Ahhhhh.... Il y aurait tellement de choses à dire sur cette région du monde et j'ai tellement d'histoires à vous raconter.

Ce jour là, nous étions dans les monts Simien depuis quatre ou cinq jours.

 

Ces monts sont très jeunes à l'échelle de la terre et se sont formés de l'activité volcanique qui a aussi donné la grande vallée du rift Africain. Les paysages sont grandioses... On dirait que des géants ont découpé dans les montagnes des vallées très profondes à grand coup de hache.

A la saison des pluies, il pleut.

Et à la saison chaude, ben il fait chaud.

Moi j'étais toute contente contente contente et je galopais à droite et à gauche pour sentir les fleurs ou grimper sur des rochers.

Comme ce sont des hauts plateaux, on est très haut.
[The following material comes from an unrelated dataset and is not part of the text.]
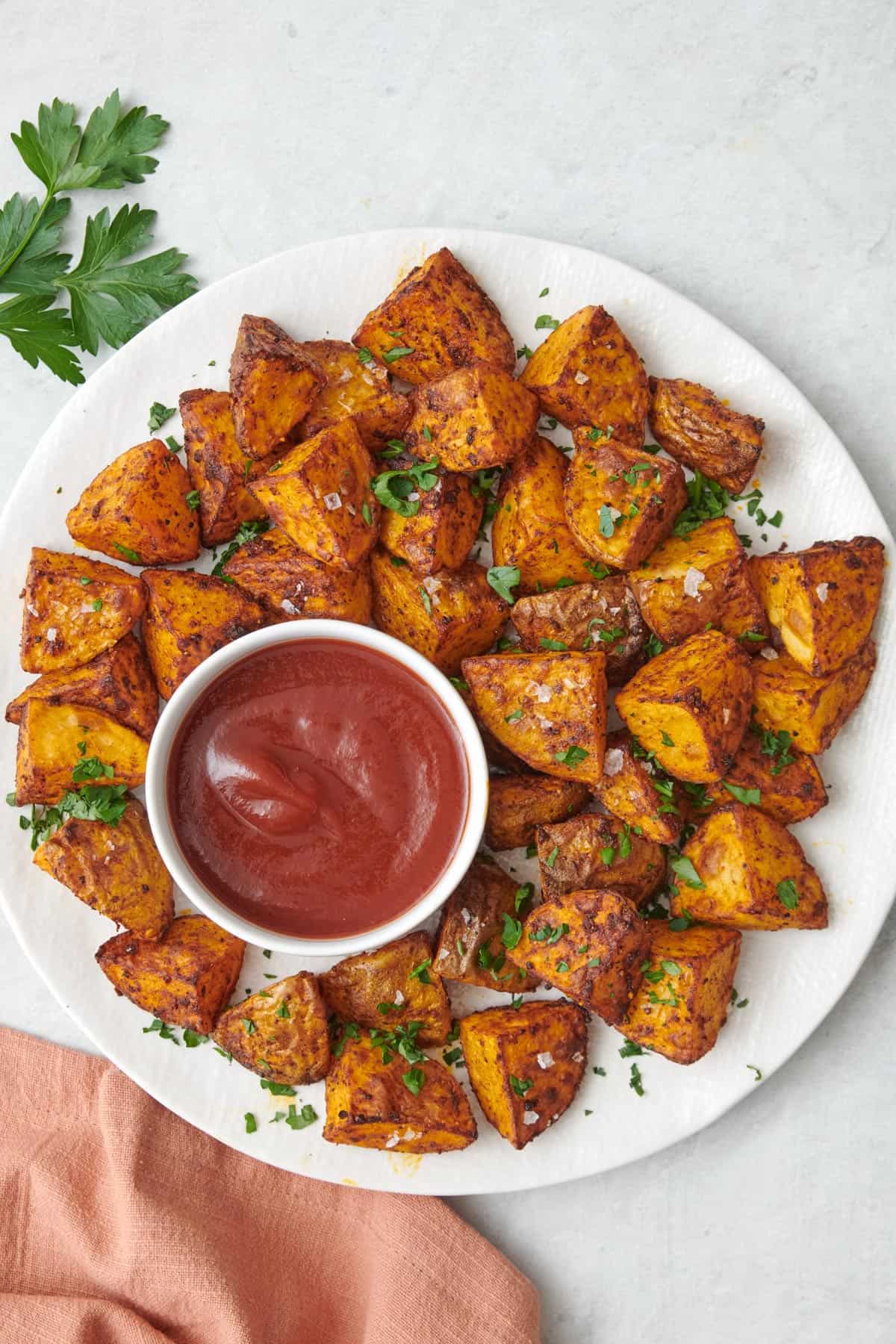 Crispy Seasoned Air Fryer Potatoes - Feel Good Foodie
A un peu plus de 3 000 mètres à l'endroit où se déroule cette histoire.

Le soleil brillait très fort et il faisait vraiment chaud, après la nuit qui était elle, très froide.

De temps en temps, je grimpais sur le sac à dos du Grand Machin et je frétillais du popotin au rythme des chansons que chantaient Tefayaou et Guedj.

Tefayaou est mon scout (escorte) et il est très gentil. Guedj lui est guide. Et je l'aime beaucoup. Nous formons vraiment une très bonne équipe d'amis.

En plus ils ont bien compris comment ça marche et ils font oui de la tête pour que le Grand Machin soit content.

Donc, Guedj et Tefayaou chantaient, moi je frétillais du popotin en rythme, et le Grand Machin faisait pffff pffff en transpirant dans les montées, pffffffffffffffffffff pfffffffffffffffffff dans les descentes et hunk hunk quand les sentiers étaient plats. Toujours en transpirant. Comme si ça servait à quelque chose.

Il faut dire que dans le Simien ça monte, puis ça descend, puis ça monte encore plus haut avant de descendre et de remonter.

C'est aussi un des rares endroits en Afrique où il neige régulièrement.

On pourrait croire qu'il n'y a personne tant la vie est difficile. Et pourtant il y a plein de villages partout. Avec de jolies cases toutes rondes. Et comme la topographie est très accidentée, des fois, on peut voir un village de quelques cases de l'autre côté de la vallée, mais il faut presque deux jours de marche pour y aller.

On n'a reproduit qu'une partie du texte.